Glitched breathing: AI voice models interpret breaths as speech (because most of these models are designed for conversations rather than music). Because of this, AI sometimes glitches on breaths, producing a metallic sound. This issue is also not present in the new snippet.
Long notes: Since AI voice models are primarily built for speech rather than music, they often struggle to sustain long notes for extended periods, once again producing that characteristic robotic sound. In the snippet, we can clearly hear Ye holding longer notes multiple times, and there are no signs of glitches or robotic voice artifacts.

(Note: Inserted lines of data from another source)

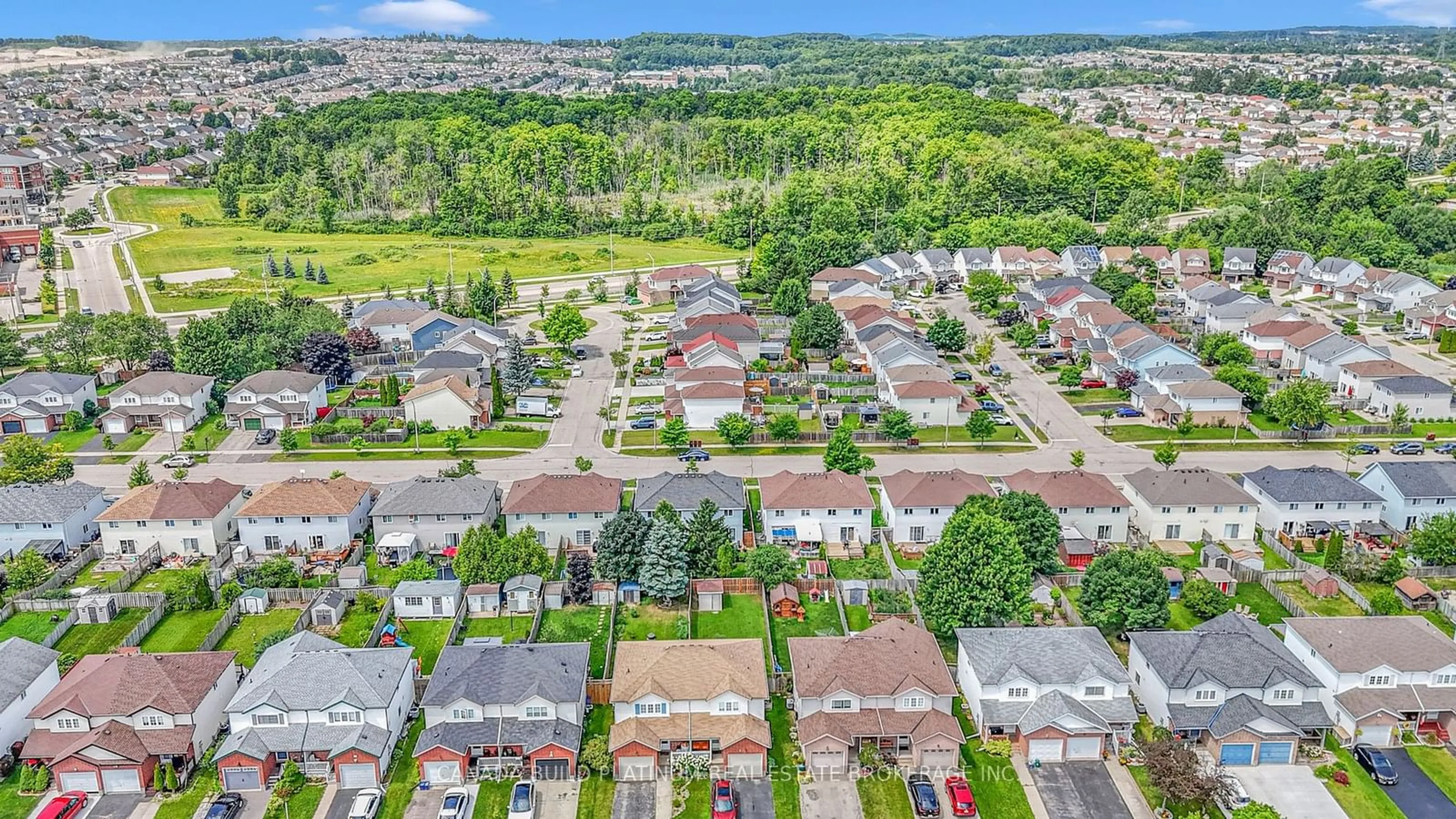 A pic from outside/outdoor area/front of a property/back of a property/a pic from drone, street for 133 Highbrook St, Kitchener Ontario N2E 3P4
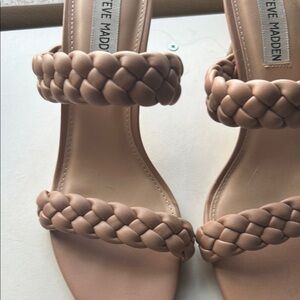 Steve Madden Women's Tan Braided Sandals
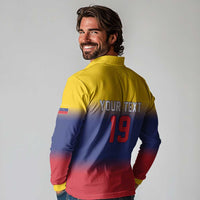 Custom Venezuela Baseball Campeones 2026 Long Sleeve Polo Shirt Turpial Mascot Champion Pride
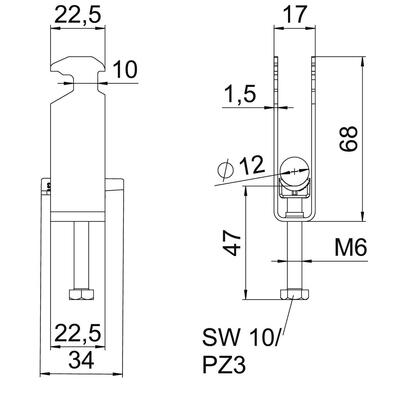 OBO Bettermann Vertr Bügelschelle 3-fach BS-H3-K-12 ALU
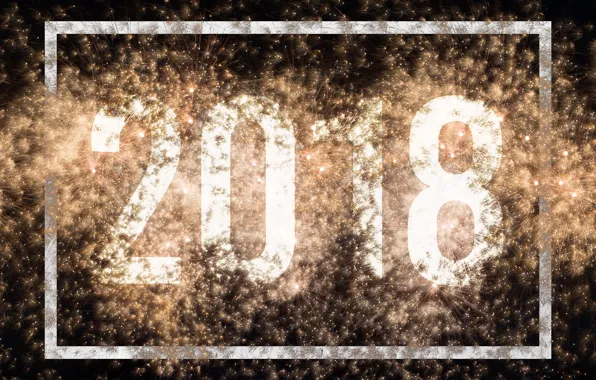 Lights, салют, Новый Год, фейерверк, new year, happy, Happy New Year, 2018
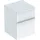 Geberit Smyle Square Seitenschrank 45x60x47cm, m 2 Laden, weiß hochglanz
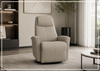 Urban Leather Power Recliner Chair | Swivel Glider Base | Fjords - Jennihome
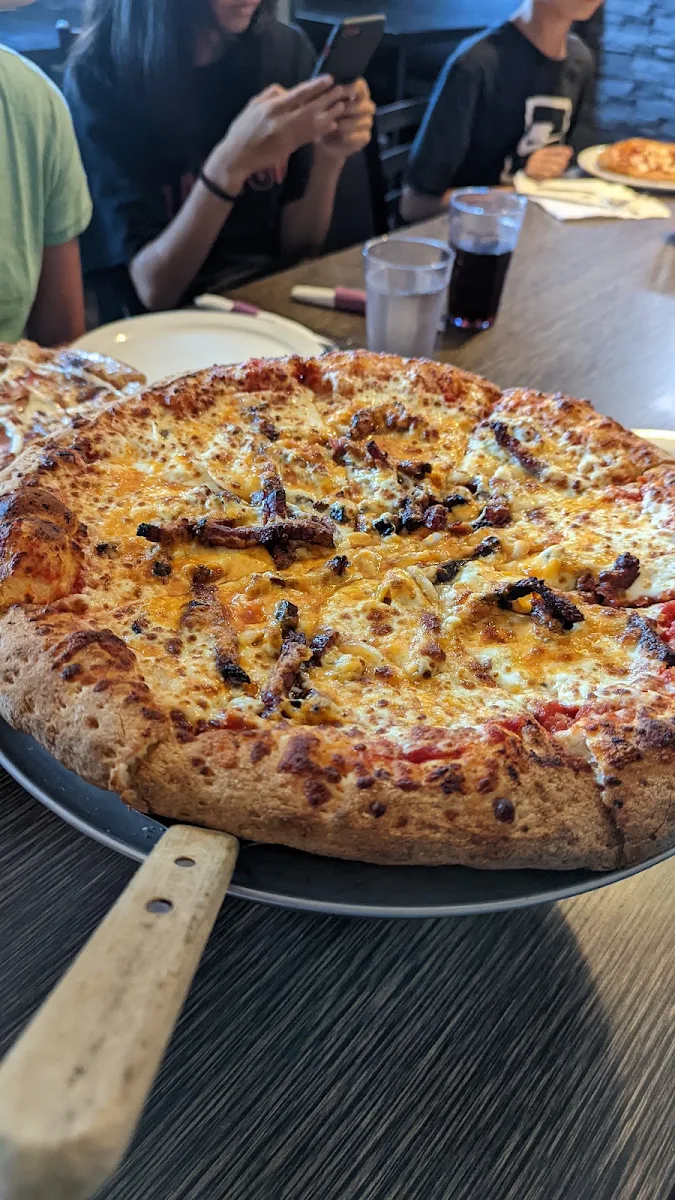 Bourbon Cheesesteak Pizza
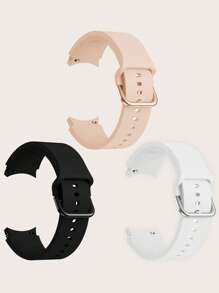 3入組矽膠錶帶兼容三星GalaxyWatch5/4 - 彩色 - 查看 5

Pattern recognition in vocals: AI models look for patterns in a person’s voice. The AI model previously used by Ye was heavily based on his rhyming style and speech patterns (which were slightly more aggressive and high-pitched) from the pre-Ye album era. This is mainly because there are more available vocal samples from that period than from after. As a result, AI-generated vocals would always sound somewhat uniform—which is not the case in the new snippet.
Final Thoughts
I’d also like to address a common argument: “This doesn’t sound like Ye; Ye doesn’t sing like this.” Ironically, this would actually prove that an AI model wasn’t used. AI-generated vocals would follow Kanye’s usual singing patterns almost exactly. The model doesn’t adapt well to variations, such as singing in a higher pitch. Anyone can test this—the generated vocals would end up sounding horrible, almost like a screeching bird.
AI voice technology has clear limitations. If you’re not familiar with the topic (and many people in this subreddit claim they understand it but have probably never taken a single class on machine learning), you should educate yourself before forming opinions that have no basis in reality.
You’re ruining a rollout that, for once, is actually being done right by Ye. We should be happy that we got a new snippet, new merch, and an interview all within 24 hours.